* WORK REQUEST:
From the line containing "14k Yellow Gold" through the last line of the material, copy every line exactly, both ends inclusive; do not copy pictures.
[RAW DATA — start]
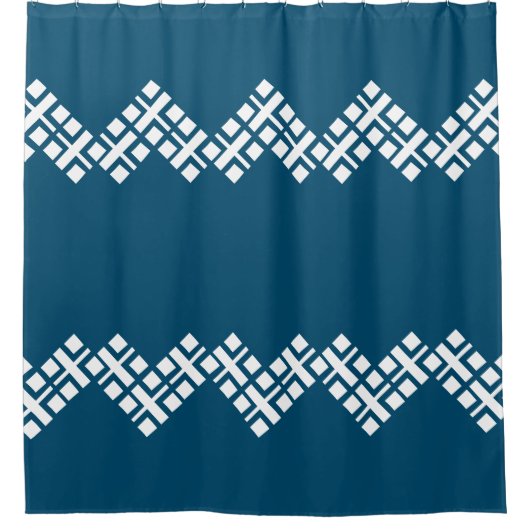 海ブルーとホワイトモノジグザグザグ シャワーカーテン (正面)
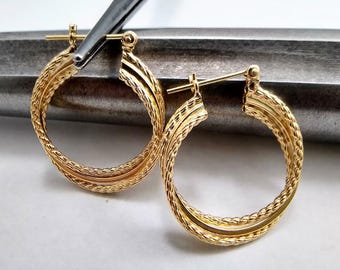 14k Yellow Gold Vintage Twist Style Hoop Earrings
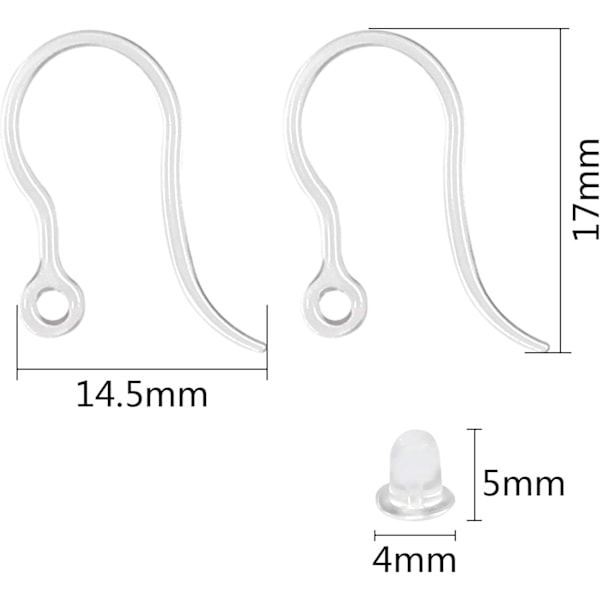Klart Osynligt Örhänge Reparationskit, Mjuka Silikongrepp för Hängande Stöd, Sterling Silver för Trendiga Stilar, Resin-gjorda Baksidor för Bred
[RAW DATA — finish]
* ANSWER:
 14k Yellow Gold Vintage Twist Style Hoop Earrings
Klart Osynligt Örhänge Reparationskit, Mjuka Silikongrepp för Hängande Stöd, Sterling Silver för Trendiga Stilar, Resin-gjorda Baksidor för Bred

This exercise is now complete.